Fifty years ago these animals were commonly here. I’ve mourned their steady decline over this time span, which includes some facing local extinction. Gone in only 50 years are badgers, porcupines, western toads, lynx and snowshoe hares, and even Richardson’s ground squirrels. The ground squirrels were here in the many thousands in the 1970’s-1990’s, along with skies full of red tailed hawks, their main predator.  The Swainson’s hawk has replaced the red tailed hawk in recent years, but in far fewer numbers. The creek’s heron colony has remained steady for 100+ years, but peregrines no longer nest in the rocky cliffs. Even prairie falcons are almost gone, not helped by local boys on motorbikes disturbing them and smashing their nests with rocks. I have not seen a covey of sharp tailed grouse or Hungarian partridge in more than 20 years. Muskrats have become uncommon in the creek, as well as mink that were noticeable into the 1990’s. Moose have remained in good numbers, but so many are being killed on Highways 1A and 567 that they are surely on their way out.

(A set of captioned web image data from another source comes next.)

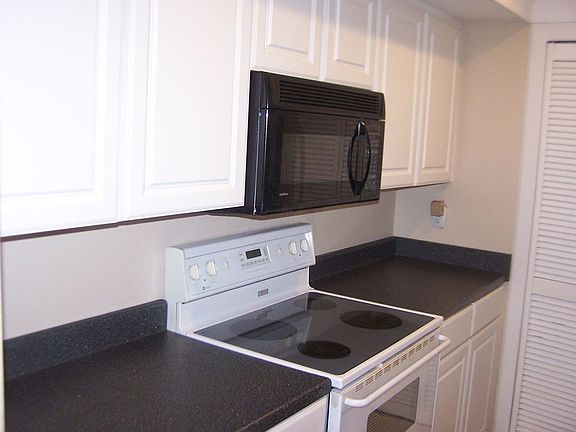 3rd image of 991 Manor Ln Unit Z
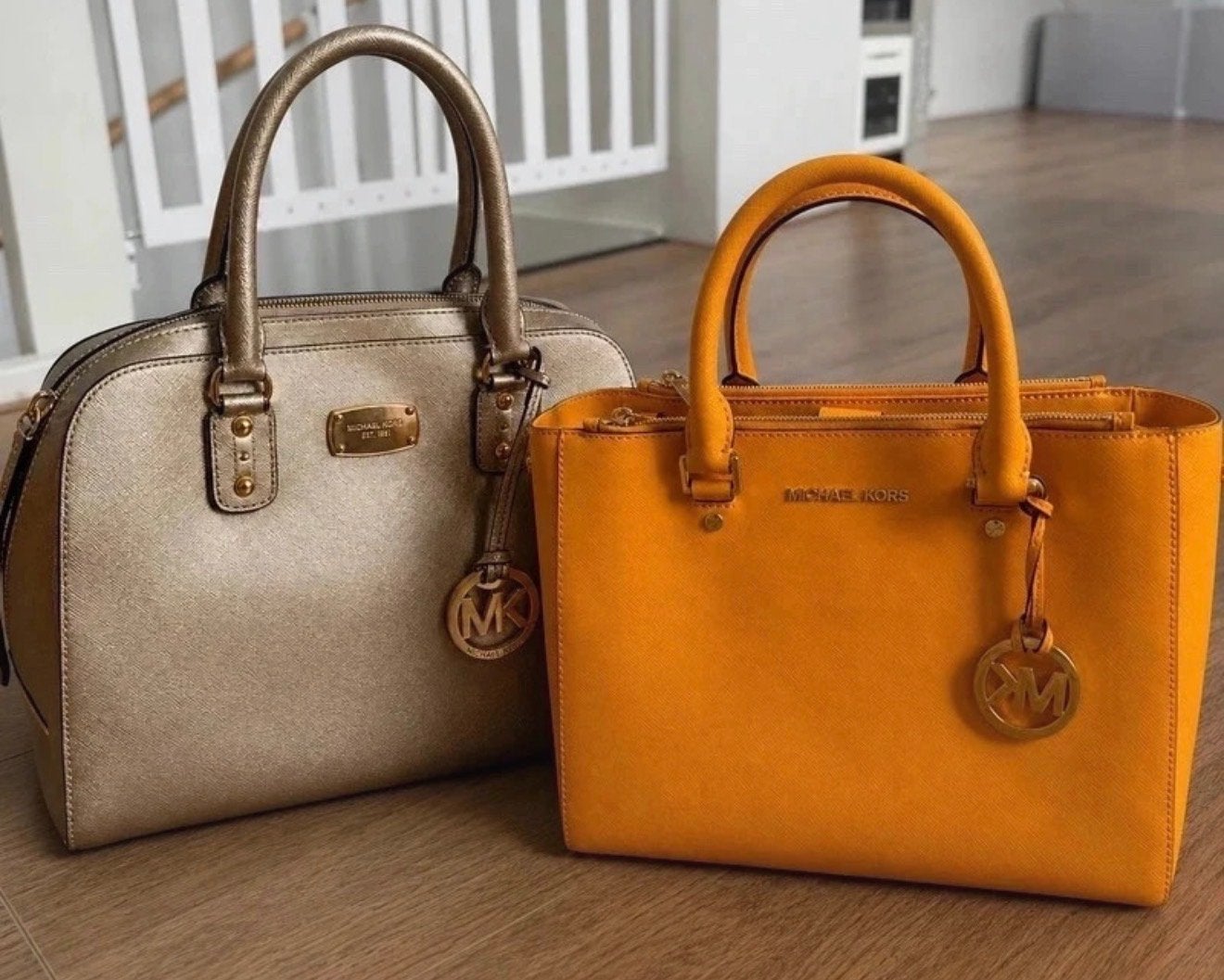 2 Michael Kors handtassen - Goud en Oranje, Ophalen of Verzenden, Zo goed als nieuw, Oranje, Handtas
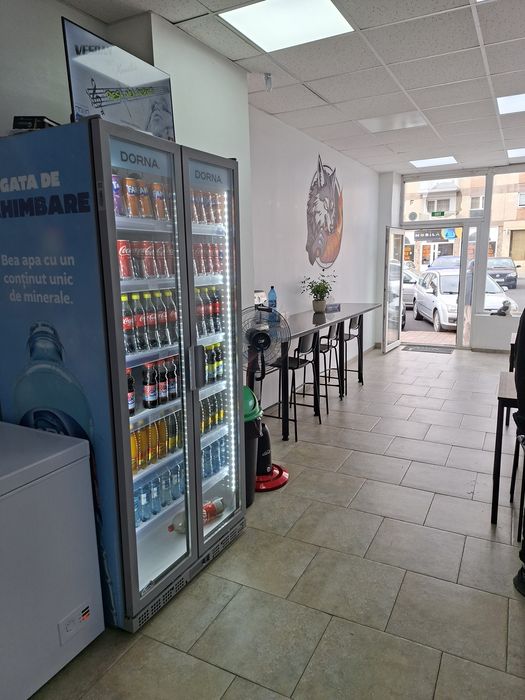 Închiriez spațiul comercial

It is shocking for me to realize that in the short space of 50 years, so many species of wildlife are no longer seen in my neck of the watershed. Porcupines may have annoyed gardeners, but the watershed had habitat supporting their numbers in the hundreds well into the 1990’s. Badgers and their funny little striped, flat babes used to cavort in open landscapes, still here until about 2000. A lynx lived in our lumber pile as we built our house in the 1970’s, keeping fat on abundant hares. I really regret the loss of western toads that I encouraged to live in my garden with clay pot hideouts. Lynx and toads and badgers were common critters 50 years ago. Could we possibly see them again? Perhaps, but only with far better land management and a lot more habitat protection.